In charitable remainder unitrust, the assets are valued annually. If the assets appreciate, the beneficiaries named by the irrevocable living trust will receive more income. If the assets depreciate, the payment will decrease as well.
If I have established assets in an irrevocable living trust for a charity, what happens if the charity goes out of business before the trust expires?
According to irrevocable trust law, your trustee is authorized to name a substitute charity, provided the initial charity was the sole charity named in the irrevocable living trust.
When I am establishing an irrevocable living trust, should I name a charity as trustee of my charitable remainder trust?
Often with irrevocable living trusts, this is done if an organization is qualified to act in this fashion under local law.
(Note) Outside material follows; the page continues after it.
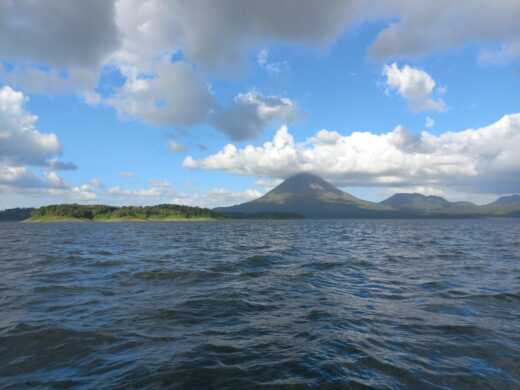 La Fortuna Sailboat Catalina 22 alt tag text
It is well within the bounds of irrevocable trust law for an organization's representatives to perform that function, and many will serve without fee.
With an irrevocable living trust, can I use my insurance to benefit charitable organizations?
According to irrevocable trust law, you can. An area often overlooked, you can name one or more charities as alternate or as primary beneficiary. In addition, an irrevocable living trust allows you to transfer the policy to the charity or charities if you no longer need the proceeds for your estate. You'll only receive a charitable gift deduction if you choose that course of action, but any additional premiums you pay from that point forward are tax-deductible. Upon your death, irrevocable trust law states that the charity receives the balance of the policy proceeds and none of that sum is included as taxable in your estate
For an irrevocable living trust, how can I fund a charitable gift annuity, and how is the subsequent income calculated?
With an irrevocable living trust, the common funding sources for a charitable gift annuity are cash and marketable securities. Tax benefits can be associated with the gift of appreciated securities (the current market value exceeds the cost or basis value). Because a gift annuity is considered partially a gift and partially an annuity, irrevocable trust law stipulates that part of the gift is not subject to capital gain tax entirely. Real estate and other marketable assets may also be used. Generally with irrevocable living trusts, the charity will convert the assets to cash in order to fund the annuity.
Irrevocable living trusts state that the income provided you by the annuity is determined by your age and the age of any additional beneficiary. It is calculated using tables established and filed with regulatory agencies under which the charity operates its annuity program.
With an irrevocable living trust, can I set up a charitable gift annuity and delay the start of the income until I need additional income, such as during retirement, when my income will likely decline?
Irrevocable living trusts have flexibility when establishing charitable gift annuities. It's what makes them a popular and effective retirement planning vehicle. Using a deferred gift annuity, the annuity earnings accumulate on a tax-deferred basis. Thus the deferred payment annuity accomplishes several things in the irrevocable living trust: First, the donor receives a tax deduction in the year the annuity is established, which would in theory be when the donor is in a higher tax bracket. Second, the gift to the charity becomes larger as the deferred earnings increase the annuity's principal. Finally, because the deferred payment annuity grows in size during the period that income is deferred, the ultimate income will be substantially greater on an annual basis.